We often use a simple strategy like $\epsilon$-greedy to handle this:

\[\pi(a|s) = \begin{cases} \text{random action} & \text{with probability } \epsilon \\ \arg\max_a Q(s,a) & \text{with probability } 1-\epsilon \end{cases}\]

This reminds me of thermal noise in physics—sometimes you need a bit of heat or randomness in the system to jump out of a local trap and find the true global optimum. For someone who likes the smooth shapes and continuous representations of physics, watching an agent navigate these high-dimensional policy spaces and solve these hurdles is much more satisfying than just fitting a curve to a static cloud of points.
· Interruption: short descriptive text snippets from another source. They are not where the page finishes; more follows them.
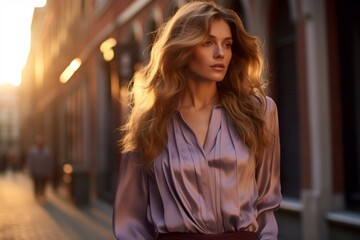 Elegant woman in a mauve silk blouse and striped cigarette pants, confidently striding down a bustling city street, her hair catching the golden glow of the setting sun - obrazy, fototapety, plakaty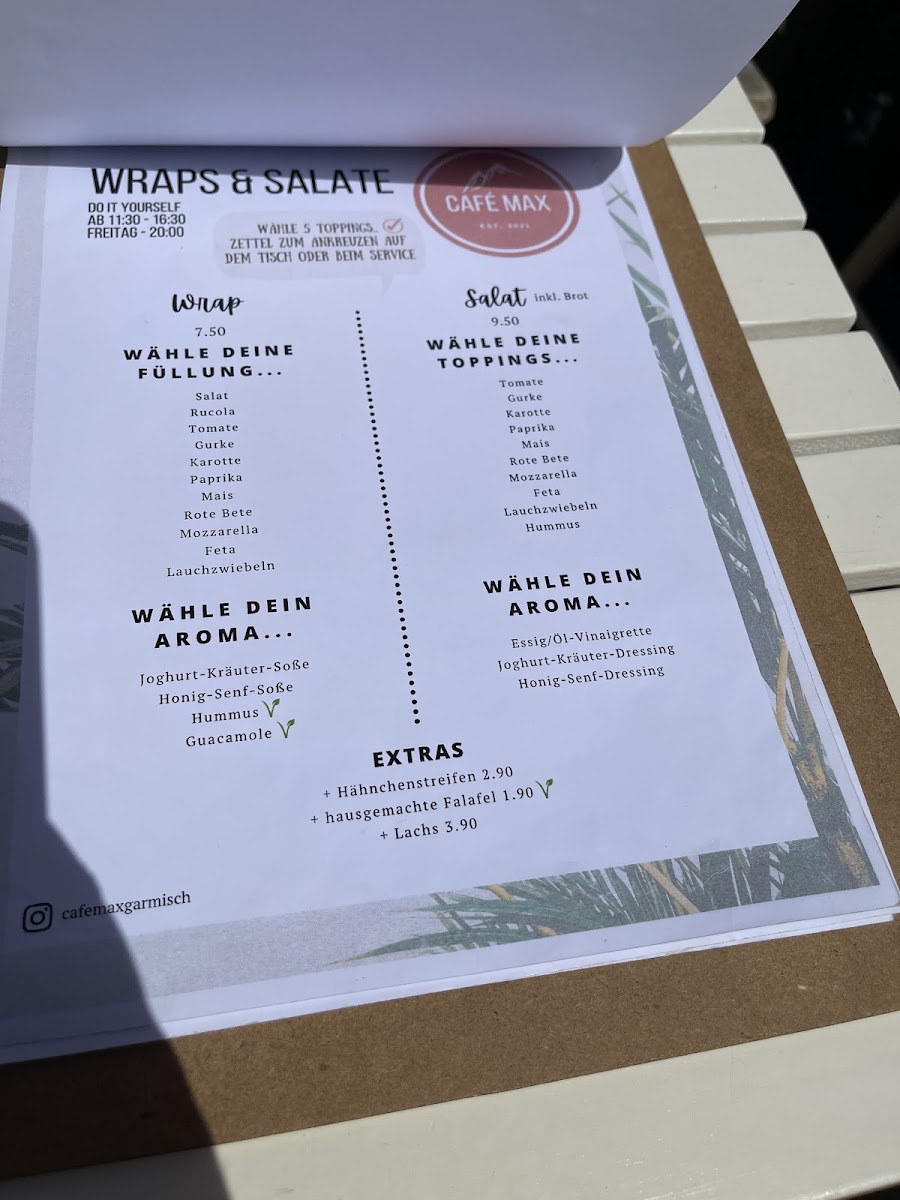 Café Max menu board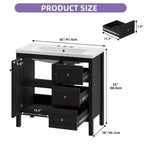 36 Inch Bathroom Vanity with Ceramic Sink Bathroom Storage Cabinet with 2 Doors amd 3 Drawers 2 Doors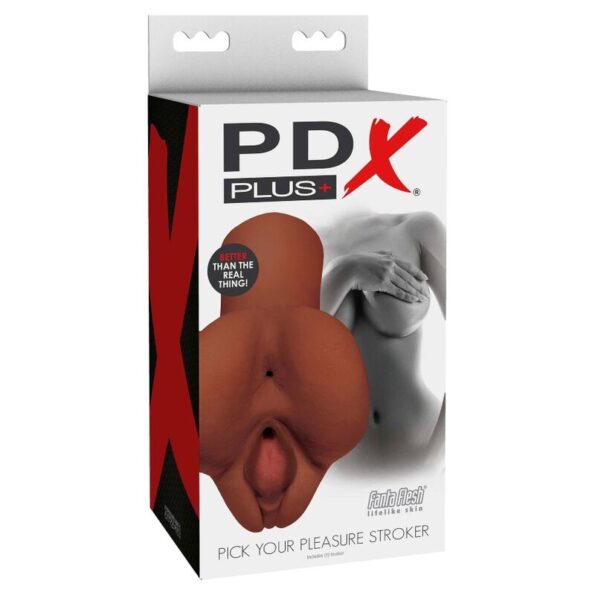 PDX PLUS - MASTURBATEUR DOUBLE MARRON CHOISISSEZ VOTRE PLAISIR-PDX PLUS+-sextoys-lingerie-bdsm-hygiène-sexshop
This is the end of my first technical post on my personal website. If you are also interested in reinforcement learning (especially deep reinforcement learning) and diffusion models, feel free to contact me via my email and GitHub profile on my page. Below are some resources you may find useful and interesting for your learning journey.

Resources to look at

If you’re interested in this stuff, I really recommend checking out these labs and blogs. They helped me bridge the gap between standard AI and the more advanced research that’s happening right now:

1. Research Labs and Academic Blogs

UC Berkeley BAIR Lab: This is a gold mine for anyone into robotics and RL. This is probably the strongest lab in robotics, with very prominent names in robotics and reinforcement learning, including Sergey Levine.

2. Blogs Post

Lilian Weng’s Blog (Lil’Log): Lilian is an expert at summarizing massive amounts of research. Her posts are like the ultimate cheat sheets for technical summaries on RL and many other fields of research. She had been doing research at OpenAI and currently is working at Thinking Machines Lab with John Schulman, one of the pioneers in reinforcement learning at OpenAI (he is the father of both Trust Region Policy Optimization and Proximal Policy Optimization).

Endings

This blog is just my personal thoughts on reinforcement learning and how I’m fascinated by its power, especially compared to our old friend supervised training. This being said, I bear no ill thoughts about supervised training. I only say that in our long journey of creating something intelligent, supervised training is definitely not our ultimate weapon. Learning is more complicated than we thought. Optimizing parameters based on ground truth on a dataset may just be one form of what we call learning. Although reinforcement learning has seen massive progress, from its early days with DeepBlue to AlphaGo, AlphaFold, and AlphaTensor, Google DeepMind seems to have a strong affection for the $\alpha$ letter when naming their innovations. Perhaps one day I will be a researcher contributing to these magnificent advancements.